小川委員 報道で二百時間と見たときに、私は驚いたんですね。今の御答弁では、さらにその半分の百時間しかなかったということですから、今申し上げた危険な対応の訓練を、極めて古い機材、耐用の極めて限られた機材で、機体で行っていたということもこれからいろいろと検証されるんでしょうが、こういうことが本当に適切かどうか、しっかり見ていってください。

 それで、ちょっとこれは参考までにお尋ねします。

 四月の六日時点で耐用、残り百時間余りの機体を、三月三十一日時点で定期検査していますね。これは、費用対効果という意味でいうとどうなんですか。これは通例あることですか。

 何となく、素人考えと言うべきかどうかわかりませんが、直観的には、三月三十一日に定期検査を行って、残り百時間しか飛べないようなものを、どういうローテーションで動かしているのかわかりませんが、ちょっとこの合理性なり不合理性なり、今わかれば参考までにお聞きします。今答えられなければ、追ってちょっと報告してください。

吉田政府参考人 お答え申し上げます。

 今先生御指摘になられました整備につきましては、部隊整備と称されておりますものでございまして、使用部隊が、分解することなく、かつ試験用器材等を使用しないで実施できる軽易な故障探求、こういうような整備でございまして、整備の深さというふうなことでいうと、部隊でできる、まだ入り口の段階の整備ということでございます。

小川委員 ちょっと、またそこは、少し事実に基づいて一度御説明をいただくように、この場をおかりしてお願い申し上げたいと思います。

 今いただいたところですと、かなり古い機体もふえているようですね、自衛隊が保有する航空機についても。ですから、古い機体をどう扱うか、そして今申し上げた、危険を伴いかねない訓練についてどういう危機管理を行っていくかというその二点、この事案を通じて指摘をさせていただきたいと思います。

 それから、もう一点お聞きしたかったのが自衛官の犯罪行為なのでありますが、これもちょっと細かく入る時間がありませんので指摘にとどめます。

 今回の事案は、かなり、被害額なり余罪も含めて非常に大きいようにお見受けしておりますが、どうも、二十五年度一年間で、刑事事件で検挙された自衛官が八百二十一人ということのようであります。

 それで、これは符合する数字かどうかはわかりませんが、参考までに警察に聞いてみたんですね、同じく高い自己規律が求められる警察官でどうですかと。そうしますと、はっきり符合する数字かどうかはわかりませんが、懲戒処分者数で三百人だということです。自衛隊員が二十万人余り、警察官が三十万人弱ですので、千人単位でいえば警察が一人、千人当たりでいえば自衛官が三人。
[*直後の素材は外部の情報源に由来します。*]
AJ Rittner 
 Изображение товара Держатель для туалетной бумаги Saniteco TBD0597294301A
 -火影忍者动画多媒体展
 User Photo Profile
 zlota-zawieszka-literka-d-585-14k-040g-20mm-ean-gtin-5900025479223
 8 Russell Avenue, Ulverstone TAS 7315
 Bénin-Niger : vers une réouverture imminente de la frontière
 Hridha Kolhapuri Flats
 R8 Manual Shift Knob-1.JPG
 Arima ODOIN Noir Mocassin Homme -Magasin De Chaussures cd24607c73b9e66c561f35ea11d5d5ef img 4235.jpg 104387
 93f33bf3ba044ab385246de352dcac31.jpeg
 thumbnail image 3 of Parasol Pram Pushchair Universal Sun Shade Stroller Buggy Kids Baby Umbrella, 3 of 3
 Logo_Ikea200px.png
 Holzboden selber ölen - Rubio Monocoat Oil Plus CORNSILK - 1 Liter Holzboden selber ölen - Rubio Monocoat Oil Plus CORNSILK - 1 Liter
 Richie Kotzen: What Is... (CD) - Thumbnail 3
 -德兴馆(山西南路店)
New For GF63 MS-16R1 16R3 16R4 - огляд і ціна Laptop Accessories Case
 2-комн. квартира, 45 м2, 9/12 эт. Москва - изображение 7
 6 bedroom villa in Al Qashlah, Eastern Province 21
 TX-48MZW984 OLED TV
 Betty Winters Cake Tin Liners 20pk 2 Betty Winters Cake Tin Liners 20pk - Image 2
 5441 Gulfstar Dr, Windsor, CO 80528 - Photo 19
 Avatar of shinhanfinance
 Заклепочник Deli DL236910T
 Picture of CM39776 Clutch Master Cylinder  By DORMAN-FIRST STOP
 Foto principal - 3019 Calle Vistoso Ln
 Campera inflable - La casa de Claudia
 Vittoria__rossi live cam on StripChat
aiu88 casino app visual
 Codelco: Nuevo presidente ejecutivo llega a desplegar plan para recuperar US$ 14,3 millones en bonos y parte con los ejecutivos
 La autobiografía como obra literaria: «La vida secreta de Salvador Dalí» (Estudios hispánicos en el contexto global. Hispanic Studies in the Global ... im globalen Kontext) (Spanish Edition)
 そして、ちょっとこれも統計的に意味のある数字かどうかはわかりませんが、あえて紹介させてください。日本国民全体で刑法事案で検挙された人員が、同じ平成二十五年で二十六万人だそうです。千人当たりで大体二人ぐらいの計算になります。そうすると、千人に一人の警察、千人に二人の国民一般、千人に三人の自衛官という数字が、これは対比には検証が必要ですが、少なくとも表面上そういう数字が出てくる。大臣、これは大変ゆゆしき事態だと思います。

 一つお願いです。

 この八百二十一人の検挙人員、検挙人数と、防衛当局がみずから懲戒を行いましたと言って公表した、みずから公表した事件の件数六百件、六百人とが符合しないんですね。これはやはり、軽微なものとか、あるいはいろいろな状況を総合勘案してのことだと思いますが、少なくとも検挙に至ったような事案についてはこの乖離が二百人余りあります。

 全てみずから公表をし、さらなる自己規律に努めるという方針を、大臣、ちょっとこの場でお述べいただきたい。いかがでしょう。

中谷国務大臣 隊員の懲戒処分の公表基準につきましては、まず、職務上の行為またはこれに関連する行為に係る懲戒処分と、職務に関連しない行為に対する懲戒処分のうち、免職、降任、停職である懲戒処分がございますが、いずれも懲戒処分後速やかに公表を行っております。

 犯罪件数と懲戒処分の公表数の乖離の原因としては、懲戒処分の公表基準の対象とならない懲戒処分、また、犯罪が起きた年度に調査に時間を要するなどの理由によって懲戒処分を実施できない場合が原因であると考えられますが、委員御指摘のように、懲戒処分をした後速やかに公表を行ってまいりたいと思っております。

小川委員 積極的な御答弁をありがとうございました。

 ぜひとも、高い信頼なり自己規律を求められる組織でありますので、みずからに厳しい姿勢を、大臣みずから指導力を持って、事に当たっていただきたいと思います。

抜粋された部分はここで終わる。